The responsibility for safety shifts to consumers from the time they enter the meat aisle at the grocery store. At that point, they need to put their faith in the system, assuming the meat in front of them met all of the guidelines, and then take on the duty of keeping things safe. “When you purchase perishable and potentially hazardous food like ground beef or raw fish, it needs to be in a separate area of the shopping cart,” says Thompson. “It also needs to be bagged separately. Do not allow your ground beef to wind up in the same bag as your deli meat, which is already cooked. You will risk allowing juices from the raw meat to contaminate the rest of your food.”
Once the meat is home, it is the consumers’ responsibility to practice safe handling, cooking, and storing practices. Ironically, for as much as some people worry about how others are handling their food, they may not practice the safest handling techniques in their own home.
“Never place anything raw on the kitchen counters; always use a cutting board,” says Thompson. “It’s even better if it’s a cutting board that will fit in the dishwasher where it’ll reach the hottest temperature for cleaning.”
And cooking meat requires safety precautions as well. Eyeing the meat to gauge whether it’s done is simply not enough. “Always cook meats to a safe temperature and use a thermometer to verify those temperatures,” says Nelken.
“Cooking beef to the proper internal temperature kills a lot of bacteria,” adds Thompson. “And a meat thermometer is the only real way to tell if you’ve cooked it to the proper temperature. You should also wait for the temperature to hold for at least 15 seconds.”

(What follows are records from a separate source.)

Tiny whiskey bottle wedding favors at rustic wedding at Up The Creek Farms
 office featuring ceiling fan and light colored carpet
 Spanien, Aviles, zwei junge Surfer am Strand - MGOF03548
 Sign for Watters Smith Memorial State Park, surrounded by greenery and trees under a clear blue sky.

“It’s the consumer’s responsibility of handling food properly in all stages—the initial storage, during preparation, when serving, and also any storage afterwards,” notes Albrecht. “The cooked meat needs to be kept refrigerated and when it’s going to be eaten again, reheated thoroughly.”
And hand washing should be done through all stages as well. “Always wash your hands at every single step,” says Thompson. “And that means vigorously rubbing for the full 20 seconds to remove all bacteria.”
These precautions seem small, but even a small step ignored during the process can lead to the transfer of dangerous bacteria. We wouldn’t accept the meat plants skipping a precaution, and we shouldn’t allow it at home either. The truth is plenty of foodborne illnesses start in the kitchen, says Albrecht. “We just don’t hear about them the way we would at a large restaurant.”
Ensuring that safe meat winds up on our dinner table is more within our control than consumers may realize, and it comes down to taking that role seriously through all of its stages.
— Lindsey Getz is a freelance writer based in Royersford, Pa.